We took the elevator to the lobby. Uncle Farrell led me to his horseshoe-shaped desk that faced the two-story atrium. About halfway between the security desk and the front doors was a waterfall that fell over these huge rocks that Uncle Farrell told me had been hauled down at great expense from the Pigeon River in the Smokies.

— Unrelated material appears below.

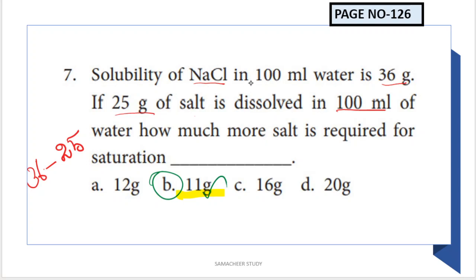The solubility of NaCl in 100 ml of water is 36 grams. If 25 grams of salt is already dissolved in 100 ml of water, how much more salt is required for saturation? The maximum is 36 grams, so 36 minus 25 equals 11 grams more salt is needed. Option B is the right answer.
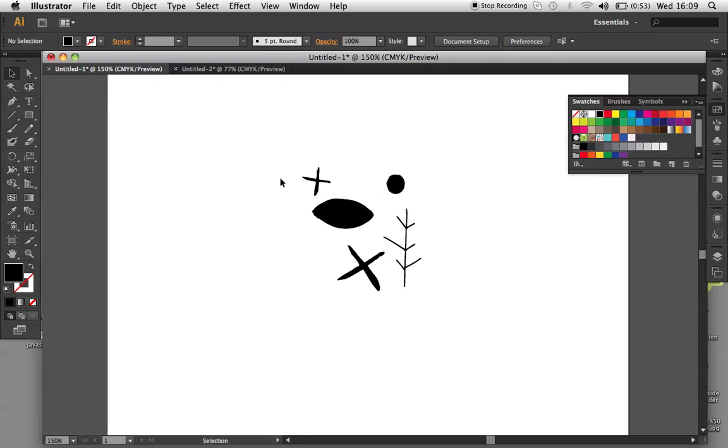Hello, I'm Becca, designer on Computer Arts, and I'm going to show you how to use the new Pattern Swatch tool in Adobe Illustrator CS6.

“Funny thing about life is you never know where it’s going to take you,” Uncle Farrell told me. “I’m working at the auto body shop when in strolls Bernard Samson. He strikes up a conversation, and next thing I know here I am making double what I pulled in at the shop. And for sitting—for nothing! Double for nothing, just because the richest man in Knoxville decides to give me a job!”

Mounted on the desktop were dozens of closed-circuit monitors set up to survey every nook and cranny of Samson Towers.

“This system is state-of-the-art, Alfred. I mean, this place is tighter than Fort Knox. Laser sensors, sound detectors, you name it.”